Below are entries. Give back exactly the lines from the one containing "From Folder is" through the one containing "Next, select your", inclusive, without the pictures.

SOURCE MATERIAL ::
-----

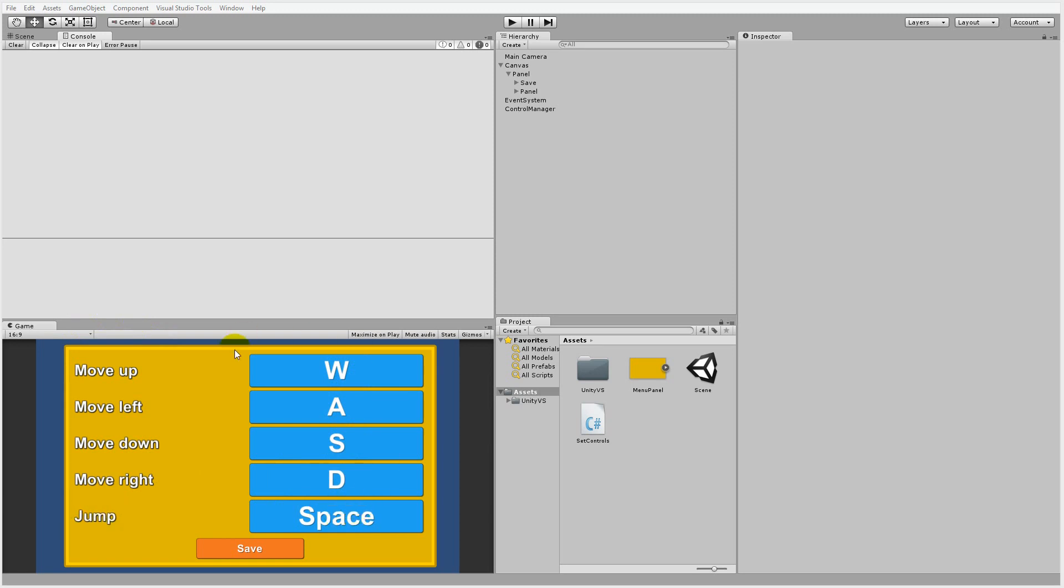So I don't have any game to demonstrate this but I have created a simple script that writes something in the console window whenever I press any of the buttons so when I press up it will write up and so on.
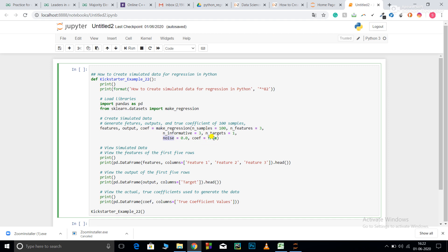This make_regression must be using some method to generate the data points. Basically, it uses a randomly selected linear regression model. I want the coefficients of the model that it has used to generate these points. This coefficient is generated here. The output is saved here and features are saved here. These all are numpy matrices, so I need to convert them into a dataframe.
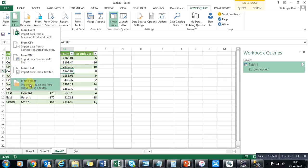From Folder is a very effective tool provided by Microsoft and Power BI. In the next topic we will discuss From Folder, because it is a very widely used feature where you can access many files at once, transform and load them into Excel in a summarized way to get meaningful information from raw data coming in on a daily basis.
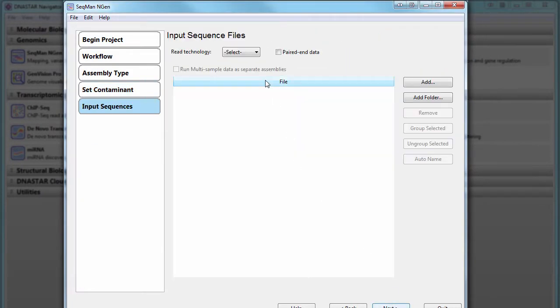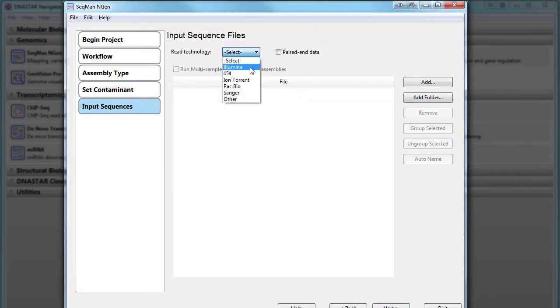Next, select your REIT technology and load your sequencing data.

-----

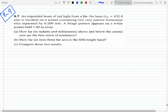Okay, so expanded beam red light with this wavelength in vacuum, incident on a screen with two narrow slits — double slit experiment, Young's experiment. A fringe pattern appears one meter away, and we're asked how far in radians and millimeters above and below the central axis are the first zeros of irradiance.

-----

PROBLEM SOLUTION ::
From Folder is a very effective tool provided by Microsoft and Power BI. In the next topic we will discuss From Folder, because it is a very widely used feature where you can access many files at once, transform and load them into Excel in a summarized way to get meaningful information from raw data coming in on a daily basis.
Next, select your REIT technology and load your sequencing data.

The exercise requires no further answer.